En términos muy generales, y dependiendo del cuidado del viñedo, los llamados vinos marítimos son más frescos e intensos que los elaborados tierra adentro. Esto se debe a que los climas marítimos o costeros permiten alargar los períodos de maduración de los racimos, debido a la ocurrencia de veranos cálidos en vez de calientes y de inviernos frescos en vez de fríos.

Para hacer un mapa contemporáneo de la producción vitivinícola costera tenemos que enumerar varios países y regiones. Obligatoriamente hay que incluir las míticas regiones de Burdeos y Loira, en Francia, donde se producen algunos de los grandes vinos del mundo. Variedades de uva, como Moscatel, Semillón, Colombar, Ugni Blanc y Sauvignon Blanc se adaptan muy bien a las condiciones climatológicas de influencia marítima. Sus principales características son laelegancia, la suavidad, la vivacidad y la acidez natural.

Lo mismo ocurre con otros grandes vinos costeros como los producidos en Galicia (España), en las llamadas Rias Baixas. No hay nada comparable a un plato de cigalas acompañado de una buena copa de Alvariño gallego.

En el caso de Estados Unidos, los vinos hechos en Long Island y Nueva Inglaterra —en la costa este— han alcanzado notoriedad por sus sabores cítricos y herbáceos.

En California, la zona vitivinícola de Carneros ofrece climas moderados donde se elaboran vinos blancos de gran expresión, lo mismo que tintos vibrantes como el Pinot Noir.

Más al norte, por la costa oeste norteamericana, se encuentran regiones como el Valle de Willamette, en Oregon, célebre por sus deliciosos Sauvignon Blanc, lo mismo que por sus chispeantes y frescos Pinot Noir.

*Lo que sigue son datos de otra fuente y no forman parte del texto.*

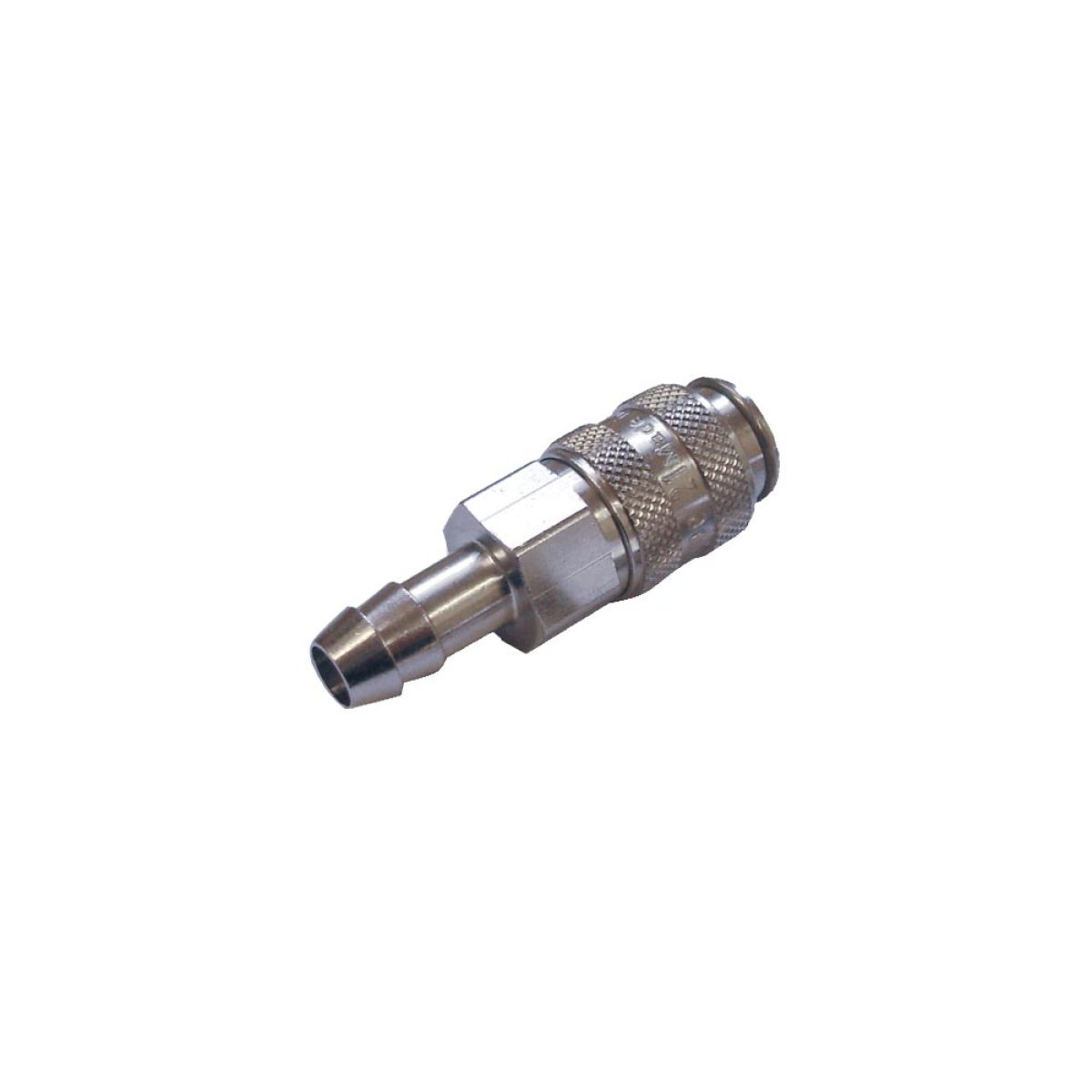 Streamline® Q21 Female Connector – with 8mm Hose End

Y si vamos a países como Nueva Zelanda nos encontraremos con que la mayor parte de la vitivinicultura practicada en este país isleño está sometida a una marcada influencia marítima.

En Suramérica, y por cuenta del enólogo chileno Pablo Morandé, el mundo descubrió a finales de los años ochenta las virtudes de los vinos elaborados al otro lado en la región costera chilena. Así nacieron Casablanca, San Antonio y Leyda, distritos vitivinícolas que han logrado insertarse entre los más admirados del mundo.

Más al norte, en inmediaciones de la Serena (400 kilómetros al norte de Santiago), se producen vinos marítimos bajo la apelación del valle costero de Limarí. Y en el extremo sur están haciendo ruido los vinos de nuevas regiones como Itata, Bio Bio y Malleco. Sus blancos, en especial, son de gran calado.